Se servir du réel comme un socle solide de départ, pour tourner autour en maintenant la présomption d’innocence, qui demeure encore malgré tout.
« Rien n’est assuré, tout peut être imaginé » soutient Anne Badel, qui a co-écrit le scénario avec son compagnon. Y voyant là aussi une certaine prise de risque dans leur choix, quand demeurent en parallèle un panel de multiples possibilités évoquées.
Pour eux pas de doute sur la culpabilité de Xavier Dupont De Ligonnès. « Si il ne l’était pas, pourquoi on ne l’aurait pas retrouvé ? » s’interrogent-ils comme de nombreux individus. Regrettant là une enquête trop vite actée, sans trace d’ADN retrouvée et des corps incinérés après seulement 5 jours. Déplorant aussi ces pistes pas suffisamment creusées, comme la découverte d’une serpillère encore humide, quasi une semaine après les faits. Et si le tueur était revenu sur les lieux pour nettoyer les dernières traces, et si il avait un complice ? Autant de questions qui subsistent et qui justifie la partie créative de cette fiction. Trois épisodes à la frontière du réel, relatant les faits et un dernier totalement romancé nettement plus hypothétique, fruit des recherches de l’équipe de production.
Dans la tête d’un personnage trouble
La seconde idée principale de cette fiction, c’est aussi de comprendre comment « Un homme ordinaire » devient si « extraordinaire ».
D’élucider ce qui a pu se passer dans sa tête au moment des faits, et même en amont de son acte si minutieux et vraisemblablement prémédité.
Rien de mieux pour ça que de se pencher sur le passé de ce personnage obscur et ambivalent interprété pour l’heure par Arnaud Ducret. Jusqu’à aller puiser dans sa plus tendre enfance, sur les bancs de l’Église. Un être qui a grandi, fasciné par la religion, avant de se perdre. Une fois pourtant qui ne l’a jamais quitté. En témoigne les centaines de messages laissés sur des forums retrouvés, dont un parlait du sacrifice humain. Un père de famille à la fois aimant mais si froid aussi. Un homme dur au quotidien, dans ses mots, dans son comportement aussi.

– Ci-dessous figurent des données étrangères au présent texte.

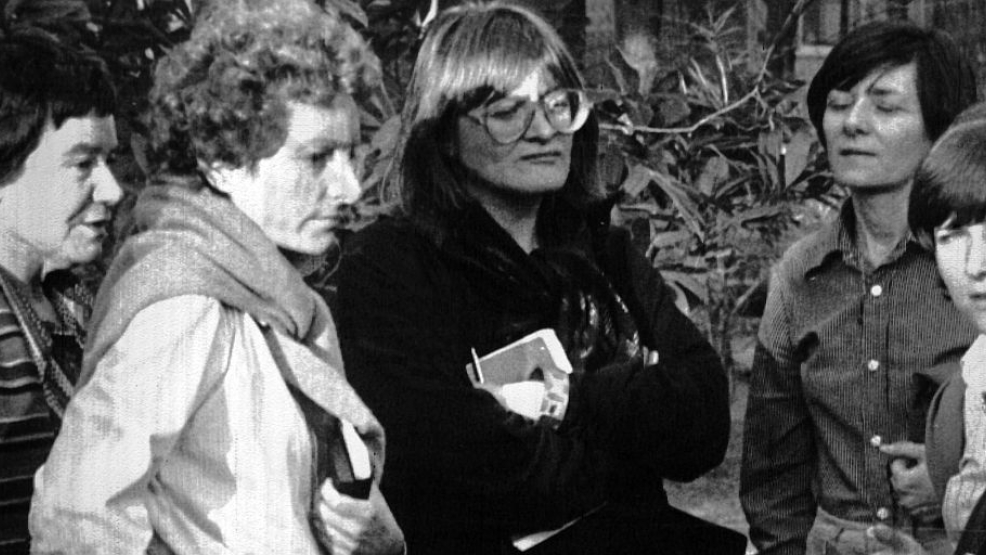 Choquée à Téhéran : Alice Schwarzer en 1979, avec l'éditrice Claude Servan-Schreiber (à gauche) et la féministe Anne Zelensky (à droite).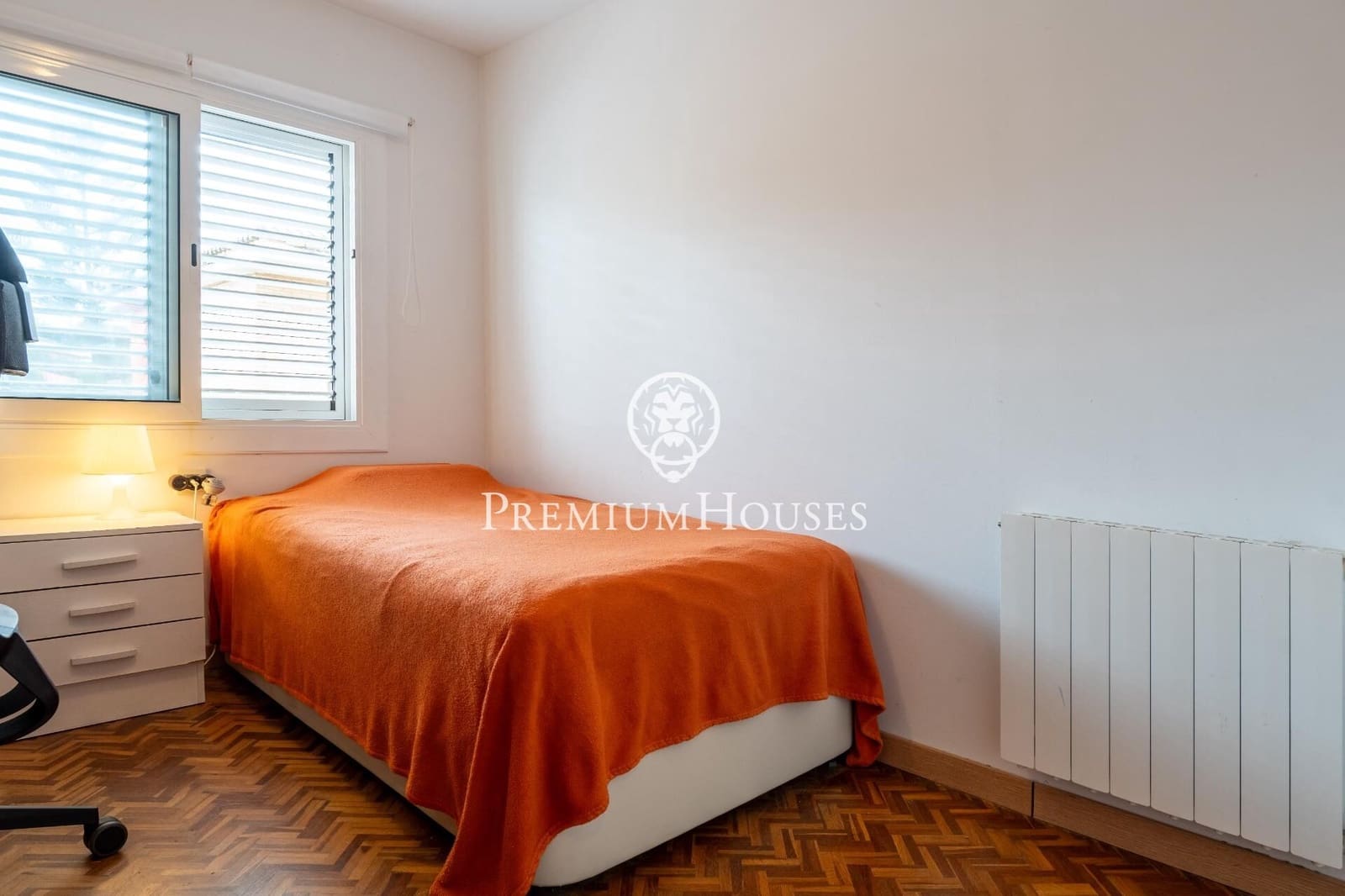 3 soveværelse Penthouse til salg i Gava med swimmingpool - € 495.000 (Ref: 8597260)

À l’image du livre de compte qu’il tenait pour savoir combien précisément chaque membre de la famille lui coutait par jour. Un mari ambigu aussi, violent verbalement, qui entretenait de son côté une relation extra-conjugale. Et un entrepreneur qui a échoué.
« Il a loupé sa vie, mais réussi sa disparition » reconnaît Pierre Aknine. N’y voyant que de l’incompréhension sur son prétendu geste radical et irrémédiable. Montrer ce trop plein de charges qui pèsent contre lui, sa fuite aussi, jusqu’à sa dernière trace physique, immortalisée par une caméra de surveillance d’un hôtel. Un parcours fascinant de A à Z où subsiste bien des zones d’ombres. Un doute qui foisonne ce personnage sombre devenu star médiatique malgré tout. « Mort ou vif, il a gagné » conclut Pierre Aknine.